Well, right now we’re timelined to do just one of these outer blankets. We’re going to take three total so hopefully we can get to all three of those, but those would be some of the get-aheads. We also are going to take up a soft capture mechanism. It’s something that we’re going to try to attach to the bottom of the Hubble Space Telescope so that when we’re done at the end of the mission and we redeploy Hubble this will go with it. It’ll be kind of a docking ring on the bottom of Hubble that a future spacecraft that hasn’t even been developed yet, could potentially go up to Hubble. The, the real purpose is to provide it some kind of a safe deorbit capability so that we could bring it down in a controlled way. In the news recently the Navy shot down an old satellite that was ready to come back and re-enter the Earth’s atmosphere, and there’s some pretty significant pieces and parts on Hubble that would probably make it through the re-entry, wouldn’t necessarily burn up. We want to make sure that Hubble, when it does come down, many, many, many years into the future, maybe 20, 25 before it would ever re-enter, but that we can do it in a controlled way and bring it down where we choose, hopefully out in the middle of the water somewhere.
Once five spacewalks are completed it’ll be time for you folks to put Hubble back to work.
Talk about possibly reboosting it and then setting it back on its way in a stable condition.

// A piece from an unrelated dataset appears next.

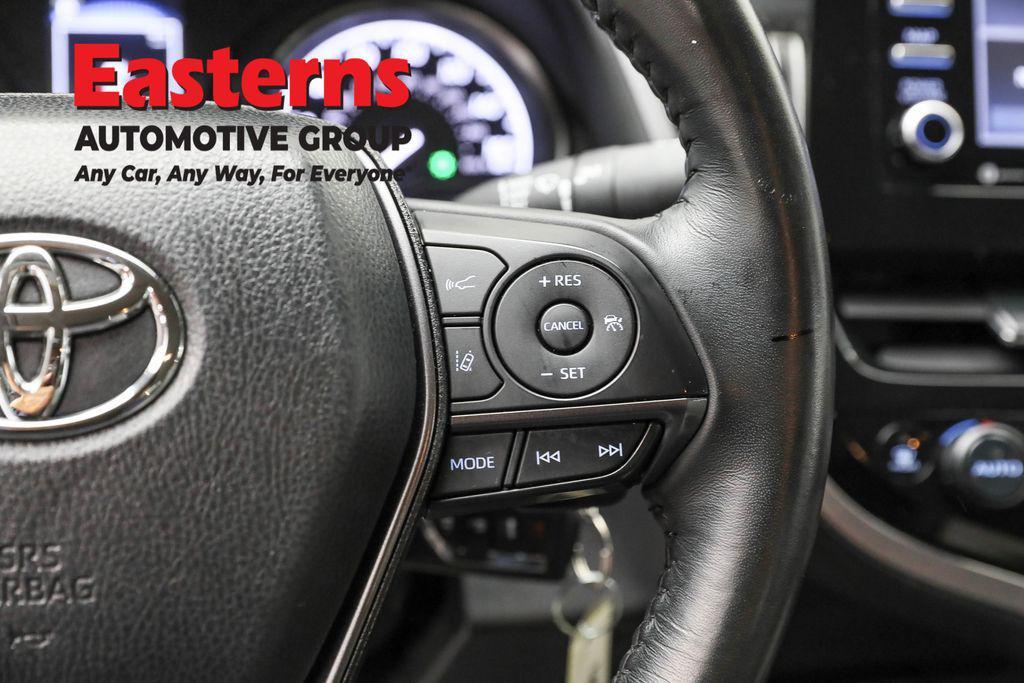 used 2024 Toyota Camry car, priced at $24,690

Well, Hubble is up there at about 300 miles above the Earth and so it doesn’t decay very much but over time it does slowly sink back towards the Earth, Mother Earth here. So we will boost it up a few miles and then we’ll take it out of the payload bay and put it back to work.

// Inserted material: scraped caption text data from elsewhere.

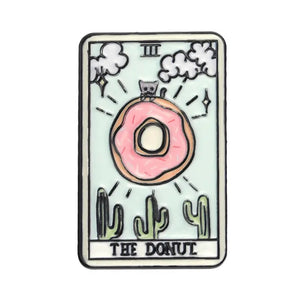 Pins / Badge - The Fun Tarot Collection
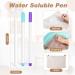3 Sizes Bowl Cozy Sewing Pattern Template Set | Clear Acrylic & Water Soluble Pen | Quilting Stencil & Batting Included - Buy Online on GoSupps.com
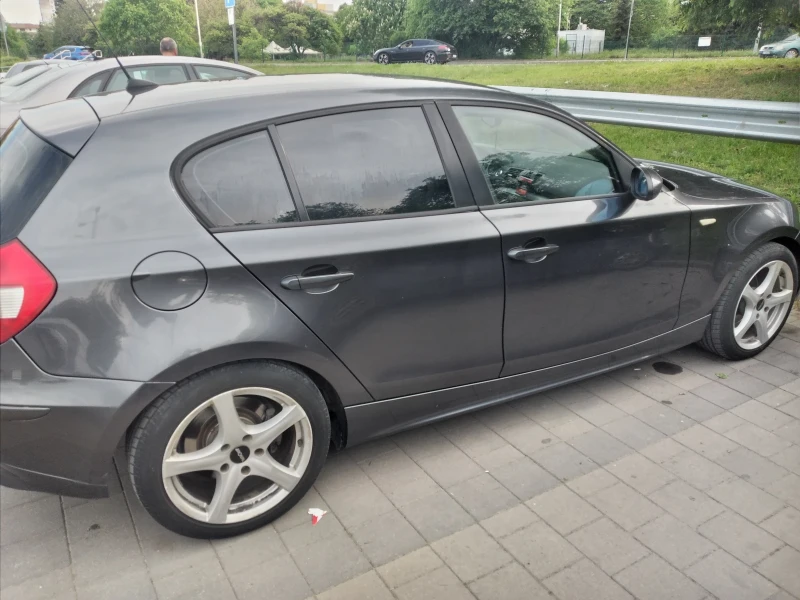 BMW 120, снимка 3 - Автомобили и джипове - 47391438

The important thing is to make sure that it’s out there and not wobbling around as you as you move away?
Right. We’ll take it and move it up out of the payload bay and then let go of it, back away from it with the arm and then back away from it with the whole shuttle. It will be back on its own internal power and attitude systems and it’ll take care of itself.
And you guys will probably be the, the last people to ever lay eyes on Hubble at that point. Any thought about what that’ll be like?
Lay eyes on it and touch it. Yeah. I’m sure there’ll be some emotion there as we leave Hubble. Hopefully we’ll have had a successful mission and we’ll be happy and it’ll get back to work.
As you guys move away we can’t help but notice that it’s taken a, a crew of human beings to go up and get a robotic telescope into shape to work at full speed again. Mike, what are your thoughts about how the future of exploration is going to depend on people and their machines working together?
That’s a great question. The future of exploration is going to be a combination of robotics and human space exploration. I think they need to work together. Robots are great for going out there, leading the way, going to places that we can’t get to yet as humans. They can land places and do some work before we get there, but I think it takes the human to go up there and be able to make some decisions. You just get so much more out of the work when you’ve got the human element in the equation.
Can one do it without the other?
I don’t think so. You can get pieces and parts. I think, as humans we’re definitely dependent on the robots, like I said, to really lead the way, and to go out there ahead of us and take some of the risk for us. But the robots on their own aren’t going to get the whole story, so I think we really need to work together. And it’s not one against the other. It's a group project.